> [DATA]:
■ ■ ■

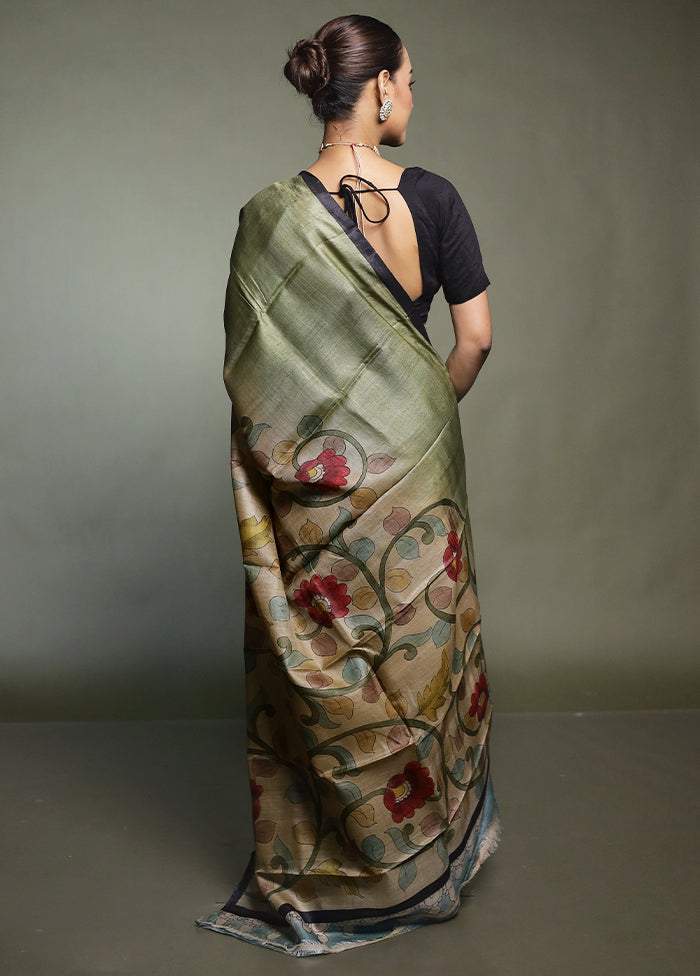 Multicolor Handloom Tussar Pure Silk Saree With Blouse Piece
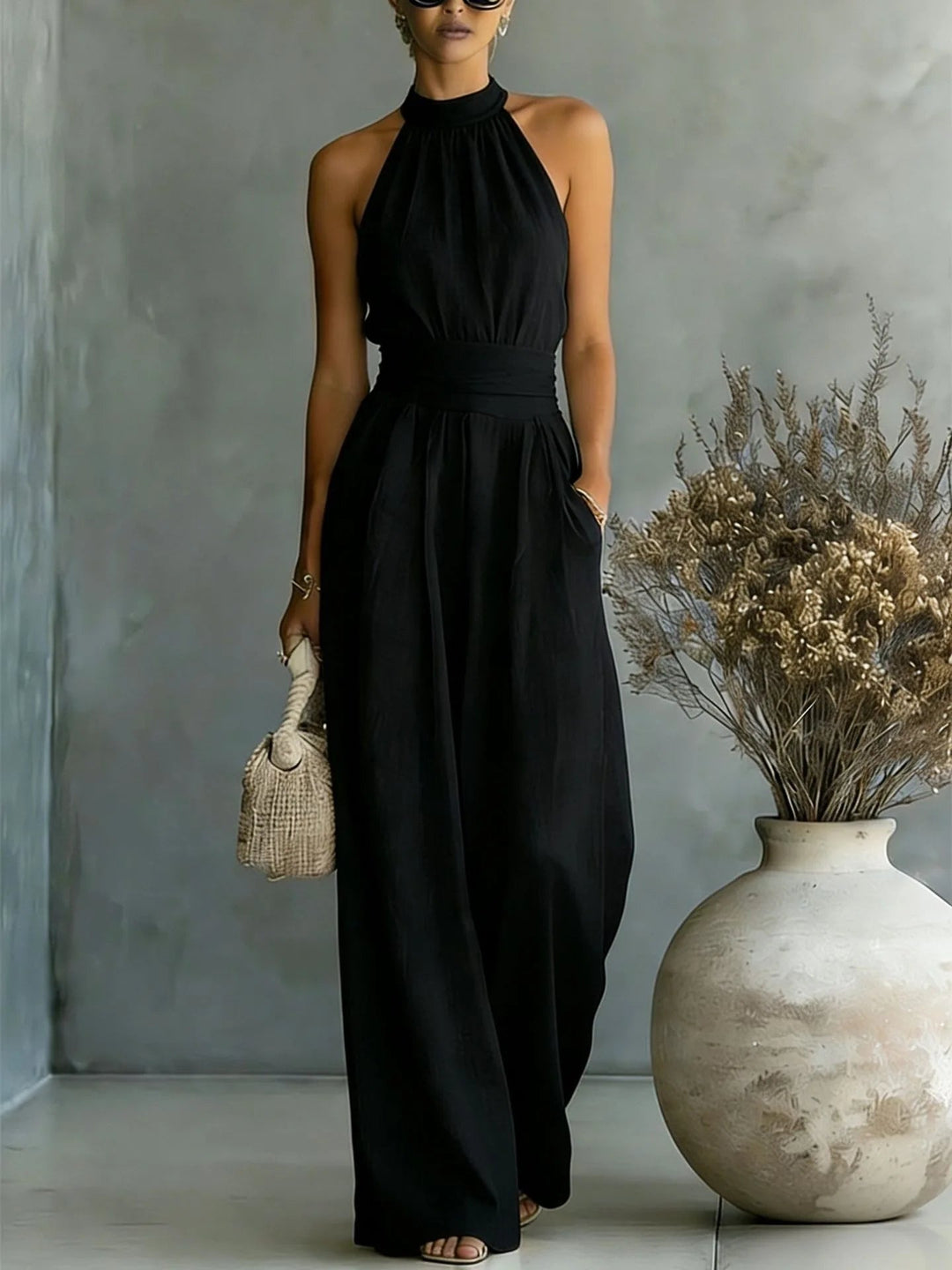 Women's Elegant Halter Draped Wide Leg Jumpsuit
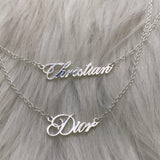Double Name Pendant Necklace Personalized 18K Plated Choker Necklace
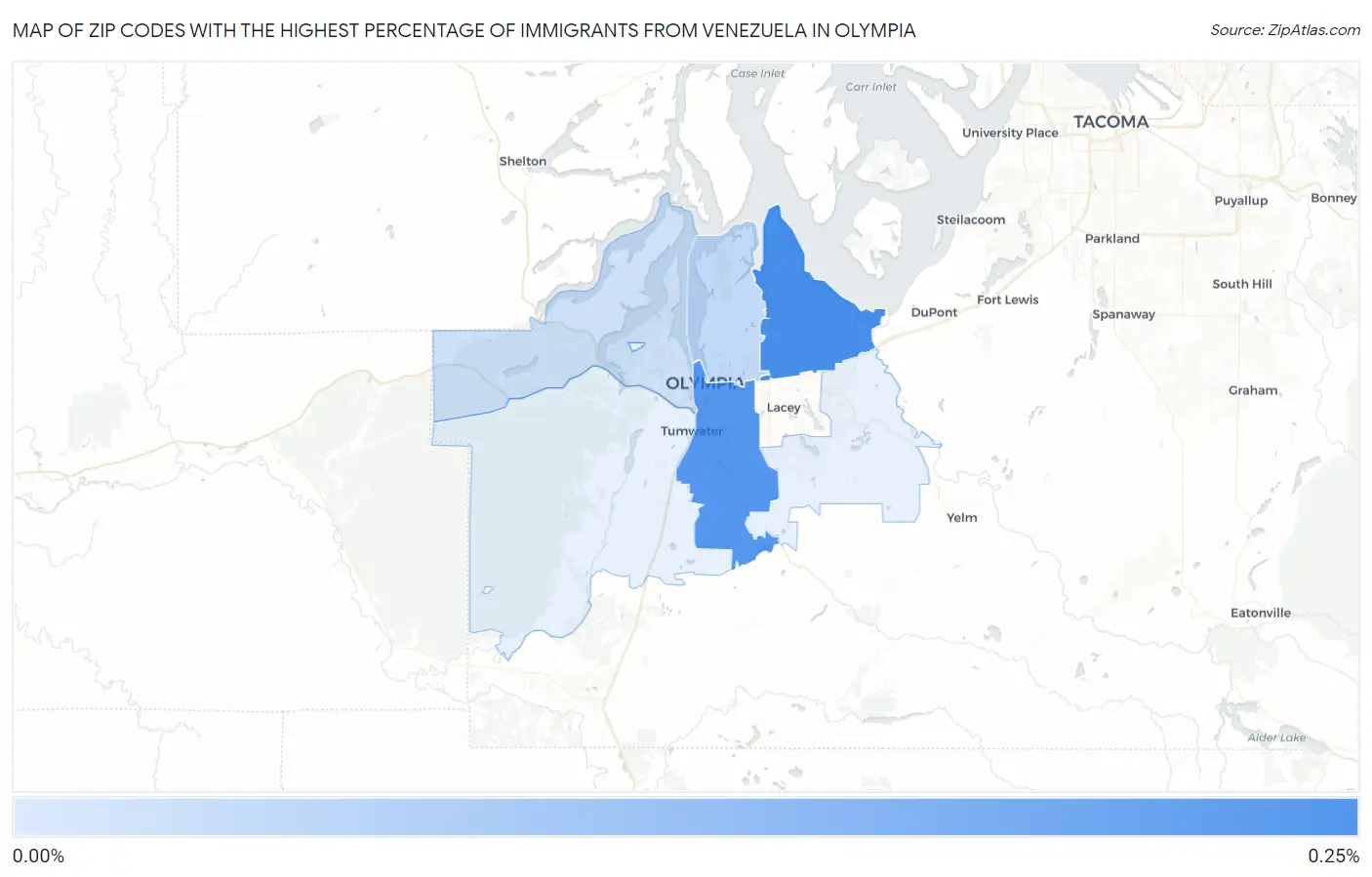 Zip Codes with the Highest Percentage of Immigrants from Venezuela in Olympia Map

■ ■ ■

> [PROBLEM DETAILS]:
Keep the pictures out of your answer, which should be the lines from the one with "Women's Elegant Halter" through the final line of the data, copied exactly.

> [ANSWER SPACE]:
 Women's Elegant Halter Draped Wide Leg Jumpsuit
Double Name Pendant Necklace Personalized 18K Plated Choker Necklace
 Zip Codes with the Highest Percentage of Immigrants from Venezuela in Olympia Map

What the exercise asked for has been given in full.